Aim of the exercise | Output exactly the lines that run from the line with "The Image of" to the end of the material, both ends included, and no other lines.

Material supplied |
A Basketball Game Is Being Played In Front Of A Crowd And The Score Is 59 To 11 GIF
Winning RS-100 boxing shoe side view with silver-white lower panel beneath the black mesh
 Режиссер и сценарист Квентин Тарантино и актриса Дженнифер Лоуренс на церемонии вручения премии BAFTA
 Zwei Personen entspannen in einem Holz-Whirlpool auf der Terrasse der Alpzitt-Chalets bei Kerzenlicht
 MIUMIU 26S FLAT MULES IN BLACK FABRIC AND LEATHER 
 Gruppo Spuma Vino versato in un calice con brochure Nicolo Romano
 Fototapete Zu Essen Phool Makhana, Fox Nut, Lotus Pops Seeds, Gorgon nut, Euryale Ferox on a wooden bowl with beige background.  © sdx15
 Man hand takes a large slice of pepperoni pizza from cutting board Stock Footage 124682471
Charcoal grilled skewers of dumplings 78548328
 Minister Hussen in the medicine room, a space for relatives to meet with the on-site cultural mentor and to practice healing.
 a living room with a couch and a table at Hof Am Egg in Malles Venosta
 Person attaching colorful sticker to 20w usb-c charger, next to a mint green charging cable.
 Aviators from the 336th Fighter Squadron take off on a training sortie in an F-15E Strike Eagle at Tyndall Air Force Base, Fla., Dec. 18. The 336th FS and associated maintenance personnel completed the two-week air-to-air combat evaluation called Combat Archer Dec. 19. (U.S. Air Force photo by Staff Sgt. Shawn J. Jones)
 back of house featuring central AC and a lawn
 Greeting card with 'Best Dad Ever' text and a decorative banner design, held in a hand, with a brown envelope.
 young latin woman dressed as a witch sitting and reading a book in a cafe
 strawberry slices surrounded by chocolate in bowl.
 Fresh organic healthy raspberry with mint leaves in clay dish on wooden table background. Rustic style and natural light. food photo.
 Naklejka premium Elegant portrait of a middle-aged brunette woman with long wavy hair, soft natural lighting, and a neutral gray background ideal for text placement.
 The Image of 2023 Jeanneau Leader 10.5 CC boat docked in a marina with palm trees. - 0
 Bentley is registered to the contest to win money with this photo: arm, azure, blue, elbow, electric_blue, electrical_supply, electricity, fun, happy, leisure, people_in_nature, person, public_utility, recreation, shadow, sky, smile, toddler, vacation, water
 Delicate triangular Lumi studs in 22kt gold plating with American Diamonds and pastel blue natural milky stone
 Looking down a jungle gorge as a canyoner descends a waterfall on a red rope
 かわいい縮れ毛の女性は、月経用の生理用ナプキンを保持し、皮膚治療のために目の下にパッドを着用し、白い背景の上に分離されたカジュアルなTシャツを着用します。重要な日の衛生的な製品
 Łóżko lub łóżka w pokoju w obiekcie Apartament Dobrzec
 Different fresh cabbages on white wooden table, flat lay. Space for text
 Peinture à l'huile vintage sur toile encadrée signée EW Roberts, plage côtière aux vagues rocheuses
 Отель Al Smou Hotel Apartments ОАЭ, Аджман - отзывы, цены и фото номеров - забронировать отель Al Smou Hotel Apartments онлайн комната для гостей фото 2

Written reply |
 The Image of 2023 Jeanneau Leader 10.5 CC boat docked in a marina with palm trees. - 0
 Bentley is registered to the contest to win money with this photo: arm, azure, blue, elbow, electric_blue, electrical_supply, electricity, fun, happy, leisure, people_in_nature, person, public_utility, recreation, shadow, sky, smile, toddler, vacation, water
 Delicate triangular Lumi studs in 22kt gold plating with American Diamonds and pastel blue natural milky stone
 Looking down a jungle gorge as a canyoner descends a waterfall on a red rope
 かわいい縮れ毛の女性は、月経用の生理用ナプキンを保持し、皮膚治療のために目の下にパッドを着用し、白い背景の上に分離されたカジュアルなTシャツを着用します。重要な日の衛生的な製品
 Łóżko lub łóżka w pokoju w obiekcie Apartament Dobrzec
 Different fresh cabbages on white wooden table, flat lay. Space for text
 Peinture à l'huile vintage sur toile encadrée signée EW Roberts, plage côtière aux vagues rocheuses
 Отель Al Smou Hotel Apartments ОАЭ, Аджман - отзывы, цены и фото номеров - забронировать отель Al Smou Hotel Apartments онлайн комната для гостей фото 2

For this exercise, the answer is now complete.